テキトーなことをしていないというのは映画の基本中の基本なんだよなと改めて思う。テキトーなやっつけデタラメな邦画、撮影、映像、画面というのがもううんざりするほど溢れてるから。最初の5分を観ただけで「こりゃだめだな、考えてない。いい加減につくってる」と分かる映画が多すぎるから。

蒼井優は1985生まれということだから、撮影当時は25歳位か?なんか若いような老けてるような???

グルメブームの中、「かもめ食堂」で料理映画が思った以上にヒットすると分かったら、その後はTVも映画も高級料理じゃなくて手に届く範囲のお料理を題材にした”プチグルメ”作品を連発。
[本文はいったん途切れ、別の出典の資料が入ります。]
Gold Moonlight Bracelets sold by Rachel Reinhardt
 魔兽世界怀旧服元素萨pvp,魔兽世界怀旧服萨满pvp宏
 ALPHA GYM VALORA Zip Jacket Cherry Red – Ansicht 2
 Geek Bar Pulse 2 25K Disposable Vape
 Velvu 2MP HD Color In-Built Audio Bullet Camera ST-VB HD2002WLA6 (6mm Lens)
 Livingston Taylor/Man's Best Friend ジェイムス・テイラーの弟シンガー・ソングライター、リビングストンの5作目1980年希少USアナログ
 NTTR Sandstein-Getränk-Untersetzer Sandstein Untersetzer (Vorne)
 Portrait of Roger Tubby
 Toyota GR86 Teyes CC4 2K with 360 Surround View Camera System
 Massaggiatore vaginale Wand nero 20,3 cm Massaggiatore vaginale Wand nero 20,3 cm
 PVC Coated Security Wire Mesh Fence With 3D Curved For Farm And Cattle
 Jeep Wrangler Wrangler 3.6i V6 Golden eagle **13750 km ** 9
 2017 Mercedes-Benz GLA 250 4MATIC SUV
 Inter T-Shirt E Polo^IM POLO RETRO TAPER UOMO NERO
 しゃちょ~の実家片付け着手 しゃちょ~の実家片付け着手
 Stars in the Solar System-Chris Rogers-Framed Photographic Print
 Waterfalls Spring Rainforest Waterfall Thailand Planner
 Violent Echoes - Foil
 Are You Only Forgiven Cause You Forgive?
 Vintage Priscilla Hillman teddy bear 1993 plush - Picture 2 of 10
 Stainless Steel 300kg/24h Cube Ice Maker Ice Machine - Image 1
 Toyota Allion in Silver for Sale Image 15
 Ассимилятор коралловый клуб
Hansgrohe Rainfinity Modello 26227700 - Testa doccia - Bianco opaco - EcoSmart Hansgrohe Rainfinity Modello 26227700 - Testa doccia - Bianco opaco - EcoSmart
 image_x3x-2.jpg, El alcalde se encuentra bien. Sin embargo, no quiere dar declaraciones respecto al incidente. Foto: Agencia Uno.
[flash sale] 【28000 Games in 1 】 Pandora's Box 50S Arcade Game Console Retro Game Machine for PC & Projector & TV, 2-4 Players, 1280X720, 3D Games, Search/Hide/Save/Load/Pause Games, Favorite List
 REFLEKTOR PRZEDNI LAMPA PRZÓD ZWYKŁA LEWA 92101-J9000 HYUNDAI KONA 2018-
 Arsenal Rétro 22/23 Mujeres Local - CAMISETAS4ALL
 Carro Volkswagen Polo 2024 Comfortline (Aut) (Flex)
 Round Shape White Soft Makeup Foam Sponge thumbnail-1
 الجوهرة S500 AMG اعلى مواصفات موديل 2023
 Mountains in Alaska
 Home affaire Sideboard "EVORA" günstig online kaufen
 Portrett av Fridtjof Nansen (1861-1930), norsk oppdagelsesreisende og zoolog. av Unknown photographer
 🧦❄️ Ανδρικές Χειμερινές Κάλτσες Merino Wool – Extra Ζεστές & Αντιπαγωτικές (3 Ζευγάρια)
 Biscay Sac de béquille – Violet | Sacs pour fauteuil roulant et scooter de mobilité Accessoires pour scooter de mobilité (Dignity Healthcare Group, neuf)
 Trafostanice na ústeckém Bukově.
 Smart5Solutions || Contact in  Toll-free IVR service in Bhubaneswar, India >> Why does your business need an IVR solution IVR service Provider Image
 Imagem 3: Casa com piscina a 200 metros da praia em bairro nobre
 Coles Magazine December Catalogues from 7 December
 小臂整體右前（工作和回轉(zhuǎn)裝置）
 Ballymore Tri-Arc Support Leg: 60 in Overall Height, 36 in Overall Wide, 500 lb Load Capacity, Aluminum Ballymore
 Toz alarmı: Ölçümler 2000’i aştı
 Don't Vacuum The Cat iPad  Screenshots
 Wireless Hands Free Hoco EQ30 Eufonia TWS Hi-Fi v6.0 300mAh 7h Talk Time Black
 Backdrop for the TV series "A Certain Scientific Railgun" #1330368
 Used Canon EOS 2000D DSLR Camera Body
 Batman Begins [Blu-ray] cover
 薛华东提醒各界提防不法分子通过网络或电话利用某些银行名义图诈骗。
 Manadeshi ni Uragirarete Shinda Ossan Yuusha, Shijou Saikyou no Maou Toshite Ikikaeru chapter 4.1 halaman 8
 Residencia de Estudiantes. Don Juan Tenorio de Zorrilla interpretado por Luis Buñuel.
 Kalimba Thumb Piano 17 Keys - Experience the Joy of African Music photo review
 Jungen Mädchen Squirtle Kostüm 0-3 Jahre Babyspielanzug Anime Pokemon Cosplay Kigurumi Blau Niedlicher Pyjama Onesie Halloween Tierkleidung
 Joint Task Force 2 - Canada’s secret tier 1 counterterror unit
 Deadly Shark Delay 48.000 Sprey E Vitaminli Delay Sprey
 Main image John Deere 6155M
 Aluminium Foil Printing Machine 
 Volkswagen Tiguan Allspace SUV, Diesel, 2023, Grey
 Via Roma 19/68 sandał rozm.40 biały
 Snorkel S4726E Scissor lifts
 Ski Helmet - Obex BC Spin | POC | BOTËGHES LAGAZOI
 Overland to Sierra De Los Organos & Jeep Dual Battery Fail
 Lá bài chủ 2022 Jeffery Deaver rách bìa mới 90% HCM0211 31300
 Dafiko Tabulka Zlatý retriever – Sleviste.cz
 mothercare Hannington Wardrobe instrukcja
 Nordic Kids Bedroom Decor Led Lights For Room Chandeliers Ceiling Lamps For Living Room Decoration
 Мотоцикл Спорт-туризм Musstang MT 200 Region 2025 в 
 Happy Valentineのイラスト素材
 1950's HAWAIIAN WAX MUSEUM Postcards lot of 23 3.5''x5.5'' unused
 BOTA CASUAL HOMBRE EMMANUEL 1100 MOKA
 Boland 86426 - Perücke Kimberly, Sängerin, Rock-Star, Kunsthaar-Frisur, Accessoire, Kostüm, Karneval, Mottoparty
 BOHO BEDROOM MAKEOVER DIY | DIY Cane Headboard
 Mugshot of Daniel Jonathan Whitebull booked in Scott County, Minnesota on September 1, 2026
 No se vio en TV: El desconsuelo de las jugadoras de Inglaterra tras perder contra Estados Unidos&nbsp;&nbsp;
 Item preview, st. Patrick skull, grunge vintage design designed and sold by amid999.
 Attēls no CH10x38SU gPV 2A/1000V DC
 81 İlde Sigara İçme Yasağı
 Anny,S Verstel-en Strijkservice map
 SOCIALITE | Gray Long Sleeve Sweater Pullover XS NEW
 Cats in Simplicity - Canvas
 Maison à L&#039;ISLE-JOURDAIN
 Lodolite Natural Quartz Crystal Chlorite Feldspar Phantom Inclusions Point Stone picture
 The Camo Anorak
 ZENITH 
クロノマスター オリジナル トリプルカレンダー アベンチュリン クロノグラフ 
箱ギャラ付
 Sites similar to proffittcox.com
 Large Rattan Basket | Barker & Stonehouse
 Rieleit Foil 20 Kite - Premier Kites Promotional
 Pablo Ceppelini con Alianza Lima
「南極料理人」「ホノカアボーイ」「食堂かたつむり」・・・・と、料理研究家なんかをアドバイザーにしてお料理レシピみたいな

記憶にあるだけでも「かもめ食堂」と「めがね」は良かったが、その後は・・・

で、またしても人気女優を使って都会のOLの癒し願望狙いの映画かい!と思っていたのだが、これはまんざらでもなく良かった。脚本、ストーリーは可もなく不可もなく。アホPや監督、脚本家があざとく混ぜ込んだウケないウケ狙いのどうしょうもない演出やバカらしい挿話も本筋ではあまり目立たないし。(交通事故の話は邪魔、余計、この映画最大のマイナス点だが)まあなにより映画としての質が良い。カメラ、照明、演出、演技がしっかり”映画”しているからいいんだな、コレは。蒼井優の演技で引っ張っている部分も大きいといえるが、流行りモノを撮って安直に安牌なヒットを狙って映画を作っているんじゃないんだというのが画面から感じるんだな。上っ面だけ、どっかで見たような絵を貼りあわせてテキトーに映画を予算内で時間内で仕上げて作ってるんじゃなくて、この監督やスタッフが”いい作品を作りたい”って熱意、情熱を持って、傾けて、頑張って作っている感じがこの映画にあるんだな。つまり作品に心がこもっている。監督からカメラ、スタッフたち多くの魂がしっかり入っている。そんな感じがするからこの作品はとてもイイ感じなのだ。そこんところが「ホノカアボーイ」「食堂かたつむり」なんかとは大きく違うのだな。

蒼井優の使い方も江口のり子の使い方も実に巧い。二人の役者の個性のいいとこをちゃんと引っ張りだしてる。この役者にはこういう演技させるといいんだってところをきちんと見定めて演出してる。いいじゃん。